Altmann echoed the concern, noting that most long Covid patients report dwindling support and almost no access to treatment options. The discovery of these blood protein markers offers a potential pathway forward—a way to identify who needs help and how to help them. But without sustained clinical attention and resources, the finding risks becoming another piece of knowledge that doesn't reach the people who need it most.
Notable Quotes
Individuals with elevated D-dimer levels were not only more prone to brain fog but also displayed a heightened risk of respiratory challenges— Max Taquet, University of Oxford
There are still a lot of patients that are suffering who haven't fully recovered and we don't know how long it will take for them to recover or whether they will need treatment— Chris Brightling, University of Leicester
The Hearth Conversation Another angle on the story
So these proteins—fibrinogen and D-dimer—they're not unique to long Covid, right? They show up in all kinds of clotting situations.
Exactly. They're general markers of clotting activity in the body. What's significant here is that researchers found them elevated in Covid patients who specifically went on to develop brain fog and fatigue, not in those who recovered normally.
And the theory is that tiny clots are physically blocking blood flow to the brain?
That's one theory. But it's more complicated. The clots might be in the lungs, reducing oxygen delivery. Or they could be in the brain itself. Or the proteins themselves might be triggering inflammation or damaging tissue directly. We don't have a single mechanism yet.

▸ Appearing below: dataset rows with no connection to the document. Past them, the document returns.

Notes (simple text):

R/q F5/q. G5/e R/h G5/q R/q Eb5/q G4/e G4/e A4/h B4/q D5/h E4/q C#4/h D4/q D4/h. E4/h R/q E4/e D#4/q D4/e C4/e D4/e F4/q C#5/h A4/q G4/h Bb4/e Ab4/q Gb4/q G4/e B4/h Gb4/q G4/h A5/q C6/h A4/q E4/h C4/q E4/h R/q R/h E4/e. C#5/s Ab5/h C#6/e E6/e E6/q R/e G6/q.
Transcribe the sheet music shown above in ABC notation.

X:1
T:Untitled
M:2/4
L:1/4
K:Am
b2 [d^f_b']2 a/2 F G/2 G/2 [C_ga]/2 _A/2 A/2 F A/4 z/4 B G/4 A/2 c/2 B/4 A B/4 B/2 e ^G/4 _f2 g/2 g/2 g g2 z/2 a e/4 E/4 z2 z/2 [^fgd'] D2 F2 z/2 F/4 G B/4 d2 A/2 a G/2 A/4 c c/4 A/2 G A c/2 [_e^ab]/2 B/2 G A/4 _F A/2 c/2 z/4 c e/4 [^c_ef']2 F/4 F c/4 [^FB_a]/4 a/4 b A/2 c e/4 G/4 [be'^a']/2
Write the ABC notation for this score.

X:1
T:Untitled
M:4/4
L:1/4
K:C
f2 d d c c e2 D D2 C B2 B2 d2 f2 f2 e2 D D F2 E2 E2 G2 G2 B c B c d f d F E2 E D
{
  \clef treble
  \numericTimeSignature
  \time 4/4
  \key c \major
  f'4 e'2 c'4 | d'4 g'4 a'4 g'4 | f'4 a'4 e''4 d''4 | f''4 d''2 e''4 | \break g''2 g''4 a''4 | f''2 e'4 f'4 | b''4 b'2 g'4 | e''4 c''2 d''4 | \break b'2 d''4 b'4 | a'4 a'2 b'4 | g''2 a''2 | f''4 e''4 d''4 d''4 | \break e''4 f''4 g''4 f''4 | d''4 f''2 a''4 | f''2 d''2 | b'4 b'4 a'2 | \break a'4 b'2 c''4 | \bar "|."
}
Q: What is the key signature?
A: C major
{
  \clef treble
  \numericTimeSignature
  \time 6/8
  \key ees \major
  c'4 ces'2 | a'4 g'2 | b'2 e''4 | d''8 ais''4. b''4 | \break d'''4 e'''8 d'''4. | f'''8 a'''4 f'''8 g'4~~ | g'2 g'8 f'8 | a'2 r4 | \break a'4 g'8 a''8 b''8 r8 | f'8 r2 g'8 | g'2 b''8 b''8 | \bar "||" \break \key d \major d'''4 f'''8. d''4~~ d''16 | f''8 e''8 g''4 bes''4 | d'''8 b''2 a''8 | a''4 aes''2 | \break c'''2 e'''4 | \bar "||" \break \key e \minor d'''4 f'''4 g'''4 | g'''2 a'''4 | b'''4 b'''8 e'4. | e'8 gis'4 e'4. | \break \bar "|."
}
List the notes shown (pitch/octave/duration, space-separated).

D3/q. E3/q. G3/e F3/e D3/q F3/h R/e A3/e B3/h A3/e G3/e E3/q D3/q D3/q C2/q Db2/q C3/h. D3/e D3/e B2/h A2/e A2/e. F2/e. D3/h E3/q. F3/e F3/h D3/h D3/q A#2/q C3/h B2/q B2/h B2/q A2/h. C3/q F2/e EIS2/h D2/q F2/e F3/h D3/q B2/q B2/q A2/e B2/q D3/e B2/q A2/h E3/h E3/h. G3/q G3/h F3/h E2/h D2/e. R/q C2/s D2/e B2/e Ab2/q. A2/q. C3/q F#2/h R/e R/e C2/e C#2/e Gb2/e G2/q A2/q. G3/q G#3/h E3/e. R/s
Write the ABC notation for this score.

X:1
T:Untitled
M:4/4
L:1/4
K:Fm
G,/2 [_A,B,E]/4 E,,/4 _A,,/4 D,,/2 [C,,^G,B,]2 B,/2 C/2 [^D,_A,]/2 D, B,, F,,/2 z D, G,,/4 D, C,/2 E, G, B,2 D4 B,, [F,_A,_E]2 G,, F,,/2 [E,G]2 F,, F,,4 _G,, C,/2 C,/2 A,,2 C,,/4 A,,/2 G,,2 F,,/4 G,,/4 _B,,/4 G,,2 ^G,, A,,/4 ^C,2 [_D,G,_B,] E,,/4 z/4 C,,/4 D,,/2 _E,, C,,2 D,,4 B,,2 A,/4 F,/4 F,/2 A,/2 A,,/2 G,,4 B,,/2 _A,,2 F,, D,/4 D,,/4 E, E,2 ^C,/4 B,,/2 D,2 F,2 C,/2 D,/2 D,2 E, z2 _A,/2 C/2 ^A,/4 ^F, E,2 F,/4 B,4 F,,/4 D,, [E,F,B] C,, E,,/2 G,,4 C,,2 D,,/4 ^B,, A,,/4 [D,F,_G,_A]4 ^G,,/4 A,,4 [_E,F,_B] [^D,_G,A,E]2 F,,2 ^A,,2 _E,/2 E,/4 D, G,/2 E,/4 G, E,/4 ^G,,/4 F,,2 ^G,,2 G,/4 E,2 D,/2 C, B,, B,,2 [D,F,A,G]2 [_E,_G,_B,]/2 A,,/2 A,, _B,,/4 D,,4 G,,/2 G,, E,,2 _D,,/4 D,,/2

Why does that matter for treatment?
Because if you know a patient has elevated D-dimer, you might start them on anticoagulants early, before symptoms get worse. It's preventive. But you also need to know which patients will actually benefit—and that's what the clinical trials are trying to figure out.
What worries you most about this research?
That it becomes another finding that doesn't reach patients. Seven hundred thousand people accumulated long Covid during Omicron. Most of them aren't in clinical trials. Most don't have access to any treatment at all. A blood test is only useful if there's something to do with the result.